I stepped out of bed and walked into
the kitchen to grab a glass of water. This had become routine,
nothing unusual to me now. I'd often wake at the dead of night, my
mind still locked in that black room, no light filtering in, no sound
but the sniffs of Emily next to me. We'd been kept there for two
nights and days, tied up in the blackness, not knowing what would
happen to us. Whatever that man had felt towards Cain, whatever his
grievance, it was a sickening act of cruelty.

“Another nightmare?” I jumped as I
heard the voice, turning to see Chase standing in the hallway behind
me.

I sighed deeply, nodding. “It's OK,
it's getting easier,” I lied to him.

He walked up to me and squeezed his
arms around my waist, hugging me close from behind and kissing me on
the side of the neck. I felt secure in his arms, like nothing could
touch me. “Come back to bed,” he whispered in my ear.

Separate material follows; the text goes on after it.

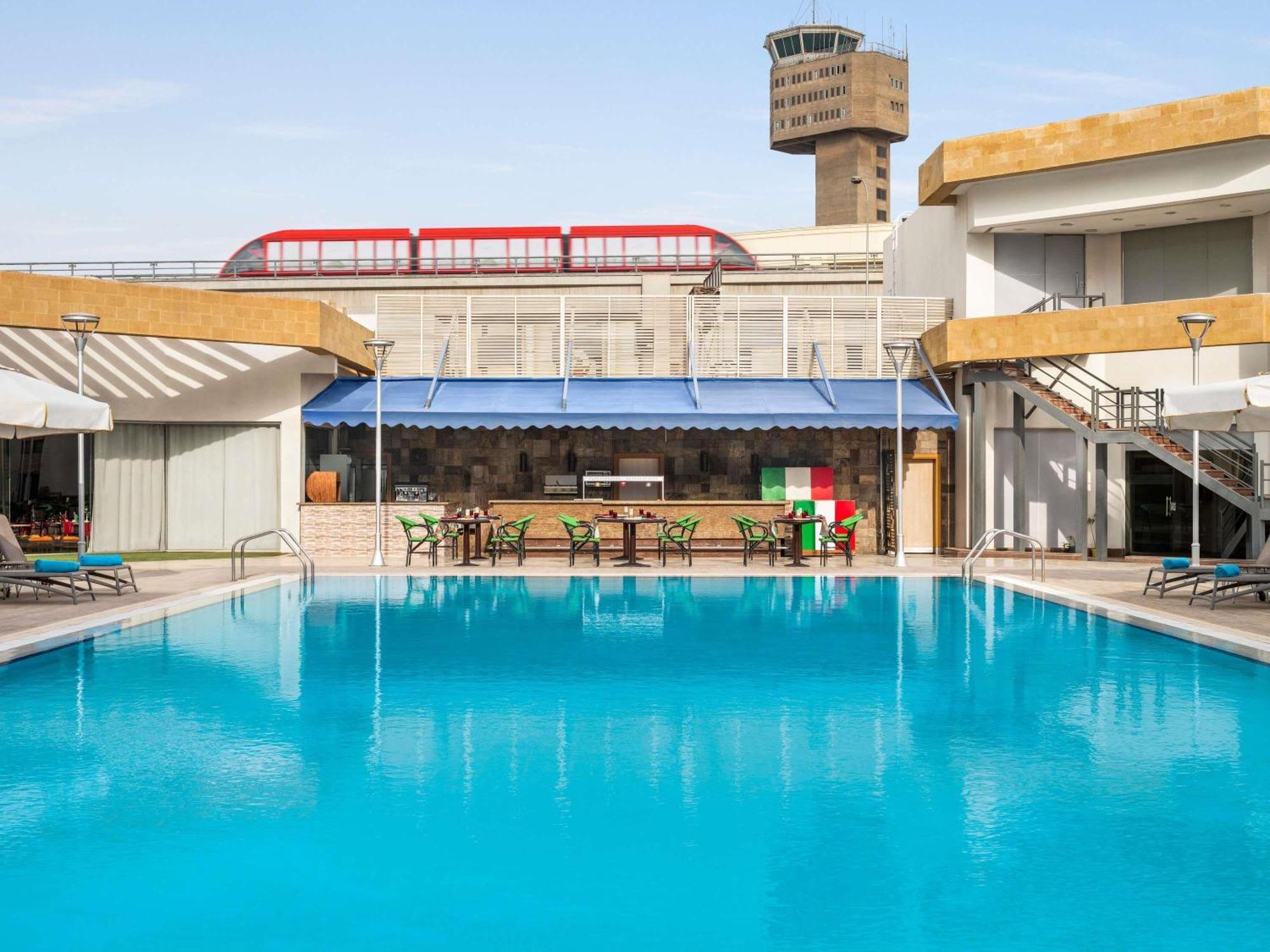 Готель Novotel Airport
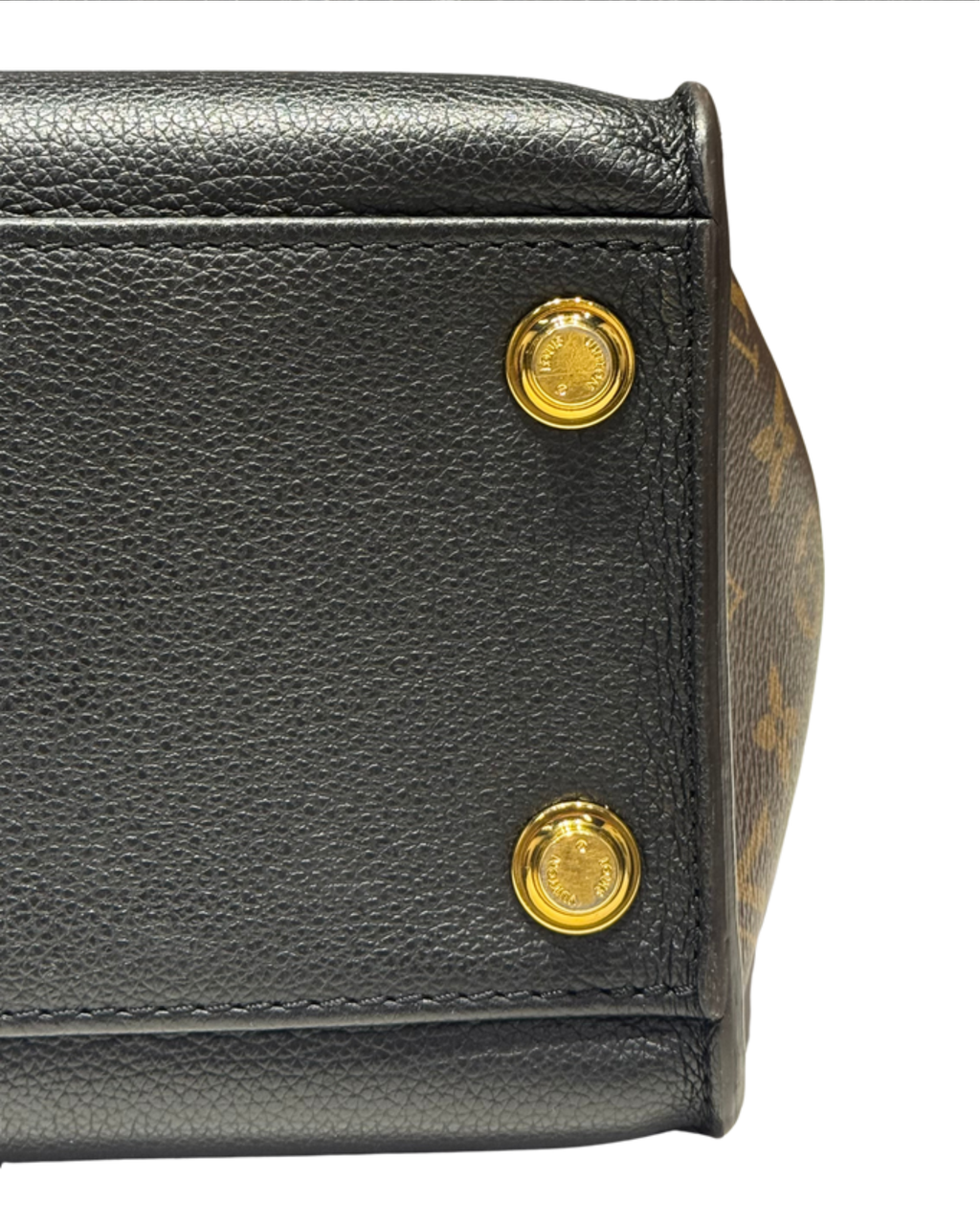 Louis Vuitton Tote on my side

"Soon," I said, not wanting
to return to the darkness quite yet.

"OK honey, shall I stay with you?"
he asked, his voice soft.

"No, it's fine, you go back to
bed." I knew that he had to get up for work in a few hours and
needed his rest.

He'd left his job with Avery Ash. After
he'd recovered in hospital we talked out the entire John Avery thing.
I had to be honest with him, had to tell him about what had happened
in my past, how I'd got to that point.

I told him about
Room Z
, about
how it was John who tried to buy me for sex. He knew about my drug
problem back then of course - that was how we met - but he didn't
know about the rest. I think it was hard for him to hear at first.
Hard to hear that his boss, his mentor, his father figure, had this
dark side, a secret life where he'd pay for sex from prostitutes. Not
just any type of hooker though - no, he wanted good girls who'd
become truly lost. I was one of those girls, but fate had set me
free.

I told him about how I'd overdosed
right there in front of him, how he'd done nothing to help me. He
protested at first, but he had to know. He had to know what he was
really like if he was to understand what I did, what Cain did.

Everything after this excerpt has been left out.